In his medium-term budget policy statement, Finance Minister Tito Mboweni said government debt will peak two years later, and higher, than previously forecast, the fiscal gap will widen further and state revenue will continue to undershoot.

The news is likely to weigh on rating companies including Moody’s Investors Service, which delayed reviewing the country’s debt rating earlier this month. Moody’s is the only one of the three major rating firms to assess South Africa’s debt at investment level. A move lower would spark forced selling of bonds by investors who track investment-grade debt indexes including Citigroup’s World Government Bond Index.

“I was clearly too optimistic that Mboweni would announce enough fiscal tightening to keep the ratings agencies at bay,” said Win Thin, global currency strategist at Brown Brothers Harriman and Co. “I think risks of downgrades have gone up significantly.”

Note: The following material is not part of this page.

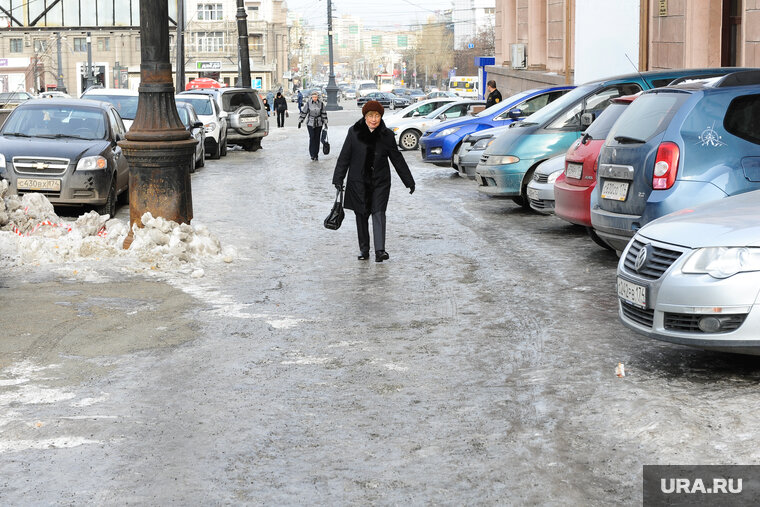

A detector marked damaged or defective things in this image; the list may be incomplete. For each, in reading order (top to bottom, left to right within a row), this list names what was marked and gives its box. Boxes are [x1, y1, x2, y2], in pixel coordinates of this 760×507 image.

Foreign investors own 38% of South Africa’s R1.97trn of local-currency bonds, making the country vulnerable to capital flight. Outflows could reach $5bn should the country lose its membership of the WGBI, according to Bank of America Merill Lynch.

“I don’t think this budget does SA Inc. any favours,” said Halen Bothma, an economist at ETM Analytics in Johannesburg. “It doesn’t instill confidence in the market about the South African government’s ability to tackle its fiscal imbalances. We are leaning towards a higher probability of a downgrade.’

The rand declined as much as 2.2%, reversing a gain of 0.8% before the budget speech. It traded 2.1% down at R14.57/$ at 19:34 in Johannesburg. Benchmark 2026 government bonds fell, driving the yield up 15 basis points to 9.31%, the highest since December.

“South Africa remains stuck in a low-growth, high-debt environment and it is difficult to get euphoric about the outlook for the rand,” said Bernd Berg, a foreign-exchange strategist at Woodman Asset Management AG in Zug, Switzerland. “With little positive domestic drivers and a challenging external environment, it is hard to see the rand outperform its emerging-market peers in the short run.”

South Africa’s benchmark stock index closed 0.6% lower after gaining as much as 0.6% earlier.